Holborn Hill is a street and a ward in the town of Millom, in Cumbria, England. Historically it was a village in the administrative county of Cumberland and predates Millom. In 2001 the population of the ward was 2,562, living in 1,083 households, reducing at the 2011 Census to a population of 2,461, living in 1,061 households.

==History==
Holborn Hill was once an important place for travellers crossing the Duddon Estuary on their way up the west Cumbrian coast. Evidence of one of the coaching inns, the Pilot Inn, can still be seen in the form of an inscription on a block of houses near the junction of Holborn Hill and Newton Terrace. The inscription reads:

William and Ann Barren live heare, who mostly keep good ale and beer, 1745. You who intend to cross ye sand, call here a gide at your command.

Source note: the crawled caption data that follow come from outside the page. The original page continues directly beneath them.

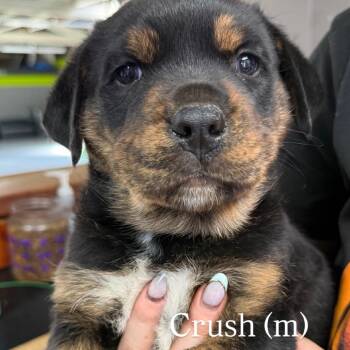 Crush -  Rottweiler and Mixed Breed Dog for Adoption in Tacoma, Washington - Crush | PetCurious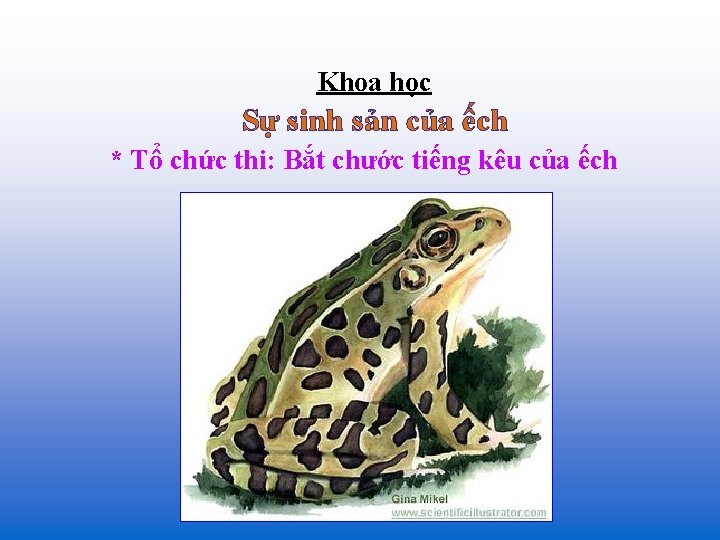 Khoa học Sự sinh sản của ếch * Tổ chức thi: Bắt chước tiếng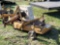 WOODS R372-1 FINISHING MOWER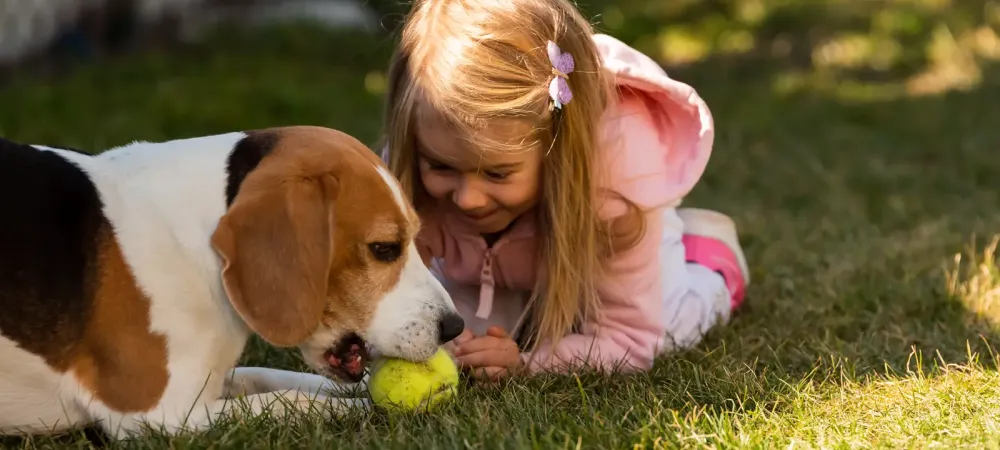 dog and child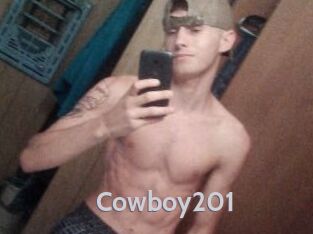 Cowboy201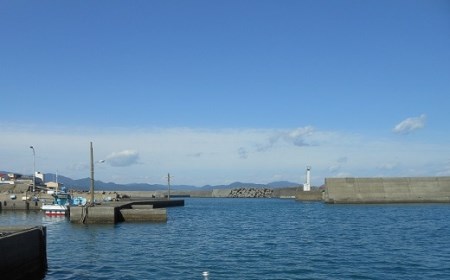 伊勢海老2.3kg（サイズおまかせ高知県産）※着日指定不可※【R00724】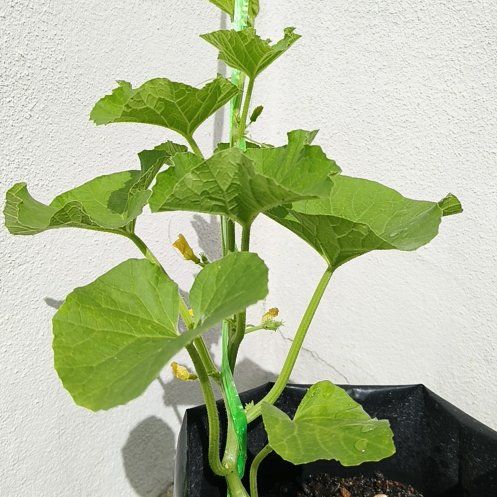 Photo of the plant species melon by @HotSugarpine26 named Nurul on Greg, the plant care app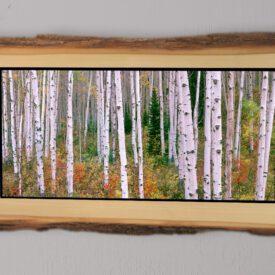 24 inch Colorado Photo Plaque - Aspen Trees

Millom railway station was formerly called Holborn Hill halt before the building of Millom new town.

The ancient monuments of Millom Castle (private) and Holy Trinity Church are about one mile from Holborn Hill via footpath or road. A charter to hold a market was granted by King Henry III of England to John de Huddleston, Lord of Millom in 1251 and the market was held at Holborn Hill. A charter for a fair at the feast of Holy Trinity was also granted at the same time.